Our ease with accepting this news is a bit surprising. If you would have told me a month ago that we would not be devastated if we found out our child had Down syndrome, I probably would have been surprised myself. I also probably wouldn't have believed you.

But here we are and as it turns out, we're ok with this news. If my doctor decides to bring this up again, I might try to explain myself a bit. I'm not sure if this is the true reason, but I FEEL like our reproductive past has a lot to do with my reaction. I've heard a lot worse news from my doctor than this. Will is still a living baby who holds a great deal of potential. Was I surprised? Sort of. Am I scared? A little. Am I devastated? No.

Thursday, May 7, 2015

The Good

When we lost Olivia, my grief counselor suggested making a list of things I'm grateful for. It seemed so counterintuitive. How could I be grateful in a time like that? But, as it turned out, there were many things to be grateful about.

With Will's diagnosis, I found myself naturally returning to this state of mind. In fact, in the doctor's office that first afternoon, I found the first thing to be thankful for: a year and a half ago, we moved into a school district that is acclaimed for its special education services. This was one of the things I mentioned to my doctor within the first 20 minutes.

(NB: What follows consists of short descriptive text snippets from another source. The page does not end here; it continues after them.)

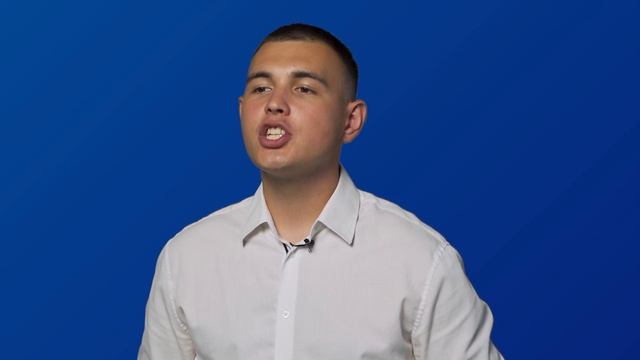 Магистратура : Менеджмент (Профиль: Продуктовый менеджмент)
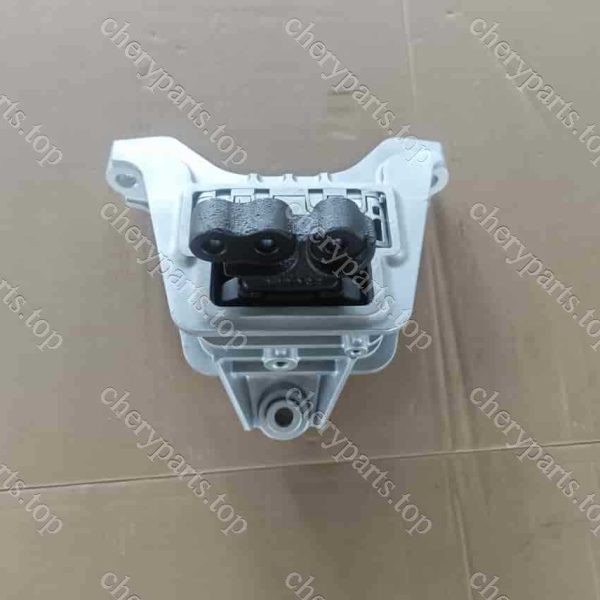 F26-1001310mf Right Engine Shock Insulator Assy 1751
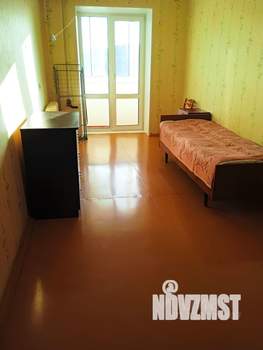 2-к квартира, на длительный срок, 45м2, 4/5 этаж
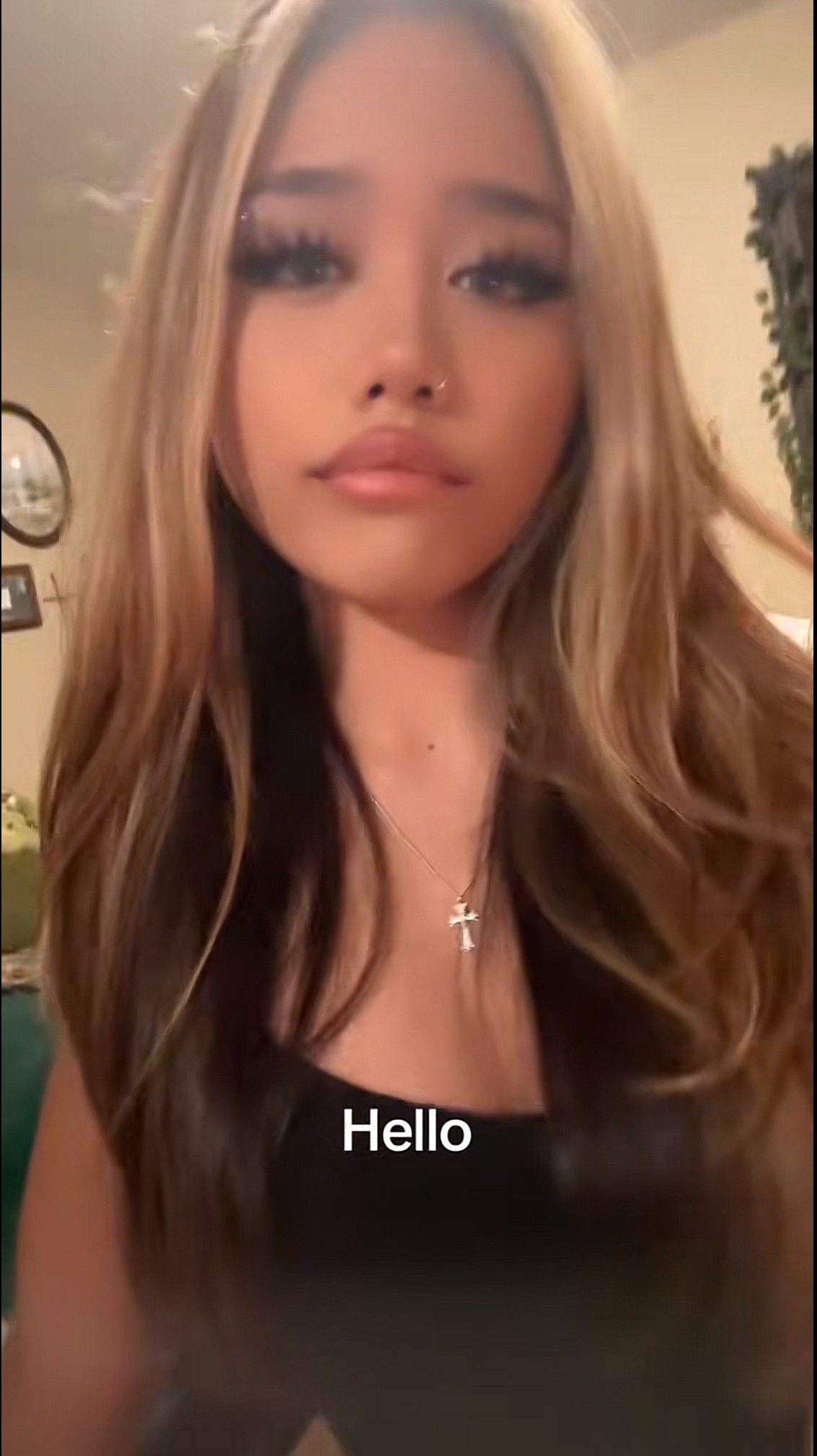priscillasorn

Within days, I had another thing to be thankful for: all the support of people around us. We are surrounded by people who expressed their excitement about our boy. We are surrounded by people who aren't scared away by his extra chromosome. We are surrounded by people who said beautiful things about our baby that I still go back and read if I need pick-me-up.

I'm also thankful for a strong support network that we found early. The first night, Troy suggested that maybe we needed to return to our support group. I thought that while a support group sounded like a great idea, we would need a whole new kind of group. In my research I came across DSACO,  the local Down syndrome association. They have a support group for parents with a prenatal diagnosis up to 3 year olds that happened to have its monthly meeting just a week after we found out. You better believe we were there! We met parents who have been where we are and where we will be. We got to see their little ones. We got signed up with the organization and have already received a mailing from them with resources for our pregnancy.

As that meeting, I learned another thing to be thankful for: our move to Dublin not only took us to the right school district, but also the right county. When we said our location, the response went something like this. "Oh, you live in Delaware County and it's Dublin Schools?" Apparently We inadvertently moved to the "perfect" place in the eyes of some parents.

In addition to the local support group, I have found an online group that is active and positive. Yes, the parents share their worries and challenges, but the overwhelming refrain from experienced parents is, "I wish I knew when I got the diagnosis that I shouldn't be scared. Our family is happy. Our child brings us joy."

There have been and I'm confident there will continue to be things to be thankful for as we continue this journey. Most of all, we are on our way to having our third child who we've been attempting to have since 2011 and through 3 previous losses. And it's icing on the cake that he happens to be our first son!